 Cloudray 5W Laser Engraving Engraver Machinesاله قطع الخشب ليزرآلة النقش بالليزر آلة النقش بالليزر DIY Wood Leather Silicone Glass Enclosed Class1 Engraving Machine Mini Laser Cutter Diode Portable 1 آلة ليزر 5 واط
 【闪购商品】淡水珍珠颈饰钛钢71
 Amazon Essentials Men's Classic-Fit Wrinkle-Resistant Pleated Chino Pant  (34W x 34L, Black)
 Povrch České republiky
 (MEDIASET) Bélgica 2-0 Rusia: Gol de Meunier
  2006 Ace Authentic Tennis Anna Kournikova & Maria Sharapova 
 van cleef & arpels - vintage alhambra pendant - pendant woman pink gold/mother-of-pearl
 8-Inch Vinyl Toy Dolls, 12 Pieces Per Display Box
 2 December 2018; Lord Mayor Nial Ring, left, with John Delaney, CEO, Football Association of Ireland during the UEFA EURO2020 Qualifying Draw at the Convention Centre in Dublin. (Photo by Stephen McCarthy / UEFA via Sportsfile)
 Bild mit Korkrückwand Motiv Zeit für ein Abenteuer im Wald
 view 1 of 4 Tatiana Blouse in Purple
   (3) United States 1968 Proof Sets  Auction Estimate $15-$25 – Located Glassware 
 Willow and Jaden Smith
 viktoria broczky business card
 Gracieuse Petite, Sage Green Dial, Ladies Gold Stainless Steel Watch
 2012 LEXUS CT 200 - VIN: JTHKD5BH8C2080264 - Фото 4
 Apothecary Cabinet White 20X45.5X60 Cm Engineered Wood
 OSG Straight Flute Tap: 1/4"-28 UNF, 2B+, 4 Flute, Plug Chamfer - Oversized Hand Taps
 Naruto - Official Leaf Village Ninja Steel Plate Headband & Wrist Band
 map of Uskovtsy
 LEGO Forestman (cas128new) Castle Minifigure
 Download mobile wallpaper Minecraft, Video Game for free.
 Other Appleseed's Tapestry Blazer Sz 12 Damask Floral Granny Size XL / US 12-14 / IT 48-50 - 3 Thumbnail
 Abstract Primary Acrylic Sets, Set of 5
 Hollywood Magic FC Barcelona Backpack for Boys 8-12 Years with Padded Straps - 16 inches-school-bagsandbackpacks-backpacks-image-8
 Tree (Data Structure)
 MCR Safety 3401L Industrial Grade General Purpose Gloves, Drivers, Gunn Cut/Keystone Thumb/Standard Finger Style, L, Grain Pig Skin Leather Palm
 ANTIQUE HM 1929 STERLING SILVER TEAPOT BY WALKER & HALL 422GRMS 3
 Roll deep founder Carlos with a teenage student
********************
### Exercise requirements
The required answer is the run of lines above, starting at the line with "(MEDIASET) Bélgica 2-0 Rusia: Gol de Meunier" and ending at the line with "Bild mit Korkrückwand", reproduced exactly with both ends.

### Written answer
 (MEDIASET) Bélgica 2-0 Rusia: Gol de Meunier
  2006 Ace Authentic Tennis Anna Kournikova & Maria Sharapova 
 van cleef & arpels - vintage alhambra pendant - pendant woman pink gold/mother-of-pearl
 8-Inch Vinyl Toy Dolls, 12 Pieces Per Display Box
 2 December 2018; Lord Mayor Nial Ring, left, with John Delaney, CEO, Football Association of Ireland during the UEFA EURO2020 Qualifying Draw at the Convention Centre in Dublin. (Photo by Stephen McCarthy / UEFA via Sportsfile)
 Bild mit Korkrückwand Motiv Zeit für ein Abenteuer im Wald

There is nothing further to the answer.